Fue una tarde a los pies del Annapurna un año atrás cuando conocí a Heber paseando por el lago de Pokara. Aquel día sentados en una mesa como único testigo el aura Nepalí decidió nuestro destino. Acaso la vida no está hecha para sueños que sobrepasan las cumbres más altas y borrascosas. Aquellas que teníamos enfrente y de una manera u otra marcaron el comienzo de este viaje El tiempo había pasado tan rápido que parecía que fuera ayer cuando nos conocimos. Recuerdo aquel día que planificamos el viajar juntos por África y entonces finalmente llego el día de volvernos a ver. Aquella tarde de camino al aeropuerto me costaba imaginar la vida en aquel árido lugar de árboles espinosos entre la tierra yerma y los extensos «cultivos de teff «el cereal cultivado en Etiopia. Era un paisaje de montaña ahogado entre el polvo y pelado. Iban apareciendo humildes aldeas detenidas en el tiempo. Cuando me bajé en el aeródromo había grandes grupos de animales tras una cerca a través de la cual podía ver a cervatillos rastreando con su olfato al otro lado la pista de aterrizaje. Aquel lugar era el punto de encuentro de dos almas viajeras. El avión aterrizó. El vuelo de Adís Abeba a Lalibela había llegado a su destino. De repente aquel hombre que asomaba por la puerta del aeródromo era mi amigo Heber. Estaba ligero de equipaje con pantalón corto deshilachado, gafas de sol, camiseta de Garfield y los dedos de sus pies al aire. Lucía colorido igual que las más de cincuenta banderas de los países que había visitado que cubrían su equipaje.

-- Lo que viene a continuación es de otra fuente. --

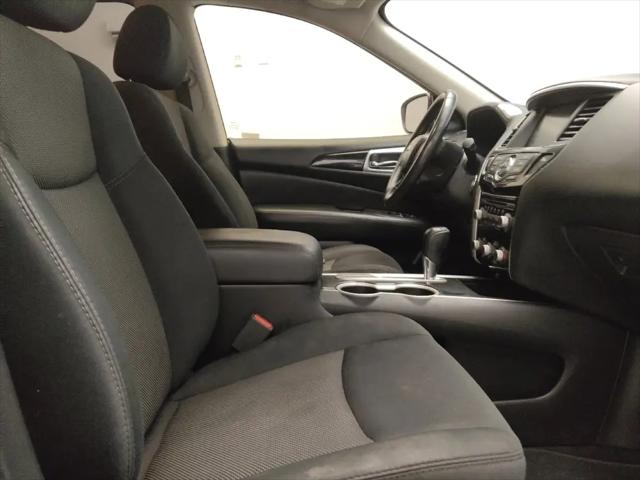 2018 Nissan Pathfinder SV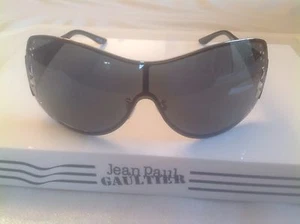 GAFAS DE SOL VINTAGE JEAN PAUL GAULTIER SJP065S COL 579S NEGRAS PIEDRAS SWAROVSKI GRIS - Imagen 1 de 12
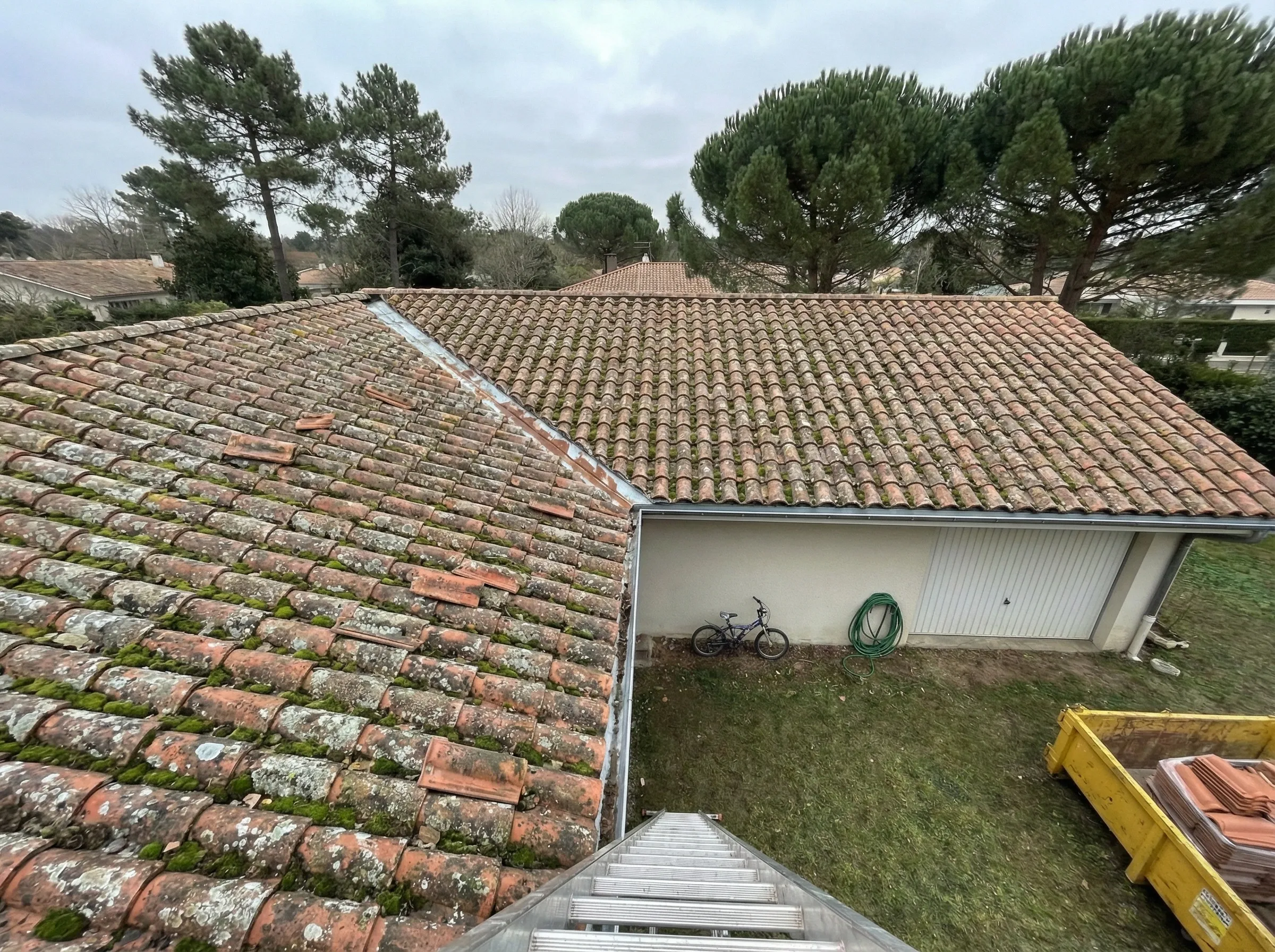 Toiture en tuiles canal dégradée avec mousse et noue zinc percée sur pavillon à Pessac Alouette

Recuerdo que sus ojos miraban asombrados a su alrededor conmovido por pisar de nuevo un lugar desconocido de nuevo. Ya en el bus de camino a Lalibela Heber no dejaba de observar por la ventanilla las chozas redondas de paja y la gente que pasaba. Hombres con sacos al hombro mujeres con ramas secas a sus espaldas y niños con bidones de agua en la cabeza. Todos recorrían grandes distancias. “¡Bienvenido a África!”, le dije a Heber.
Lalibela se encontraba en el corazón de Etiopía y era el lugar de peregrinaje más importante para miles de cristianos ortodoxos etíopes que viajan a pie durante días para llegar a esta ciudad a cumplir promesas y visitar los lugares sagrados. Todo aquello correspondía con el ruido y el jolgorio que había presenciado en el bus cuando llegué a Lalibela: las personas llenas de fe se sentían pisando tierra santa. Heber llegó el 6 de enero de 2008 justo un día antes de Navidad pues en la Iglesia Ortodoxa Etíope se sigue utilizando el antiguo calendario copto razón por lo cual existe una diferencia de siete u ocho años menos con el calendario gregoriano.» La Navidad o Genna se celebra el 7 de enero no el 25 de diciembre»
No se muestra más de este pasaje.